Exercise details: Below are records; state how many of their lines hold the word "vibrant", and give only the figure.

Source data:
========================================

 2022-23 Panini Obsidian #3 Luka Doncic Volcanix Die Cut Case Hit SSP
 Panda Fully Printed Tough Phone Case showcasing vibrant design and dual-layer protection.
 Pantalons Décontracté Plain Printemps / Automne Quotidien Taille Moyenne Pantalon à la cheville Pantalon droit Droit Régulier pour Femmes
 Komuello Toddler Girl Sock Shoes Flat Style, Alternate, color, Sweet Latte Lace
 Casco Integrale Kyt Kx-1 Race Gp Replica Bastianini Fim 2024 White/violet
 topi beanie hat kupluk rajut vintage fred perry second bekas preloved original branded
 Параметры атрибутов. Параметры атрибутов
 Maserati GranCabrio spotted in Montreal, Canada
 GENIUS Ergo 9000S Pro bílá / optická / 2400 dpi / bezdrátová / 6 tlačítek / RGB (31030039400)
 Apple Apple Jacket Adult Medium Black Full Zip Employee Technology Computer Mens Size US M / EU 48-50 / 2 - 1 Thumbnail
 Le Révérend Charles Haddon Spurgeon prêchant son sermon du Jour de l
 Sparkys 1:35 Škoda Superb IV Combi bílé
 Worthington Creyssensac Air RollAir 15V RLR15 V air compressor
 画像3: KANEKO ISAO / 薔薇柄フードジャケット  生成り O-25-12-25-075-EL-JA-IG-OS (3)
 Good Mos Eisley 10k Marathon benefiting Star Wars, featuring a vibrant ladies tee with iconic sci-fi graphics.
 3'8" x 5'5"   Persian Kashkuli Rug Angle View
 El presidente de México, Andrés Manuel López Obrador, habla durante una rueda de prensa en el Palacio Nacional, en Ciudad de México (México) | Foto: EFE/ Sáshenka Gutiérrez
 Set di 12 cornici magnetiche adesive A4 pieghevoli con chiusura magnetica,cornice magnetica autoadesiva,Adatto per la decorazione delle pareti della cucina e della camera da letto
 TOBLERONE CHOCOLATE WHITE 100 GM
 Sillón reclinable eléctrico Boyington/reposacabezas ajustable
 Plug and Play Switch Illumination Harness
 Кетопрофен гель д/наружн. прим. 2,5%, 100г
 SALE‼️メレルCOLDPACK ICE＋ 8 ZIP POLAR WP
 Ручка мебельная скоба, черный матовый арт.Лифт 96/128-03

========================================

Response: 2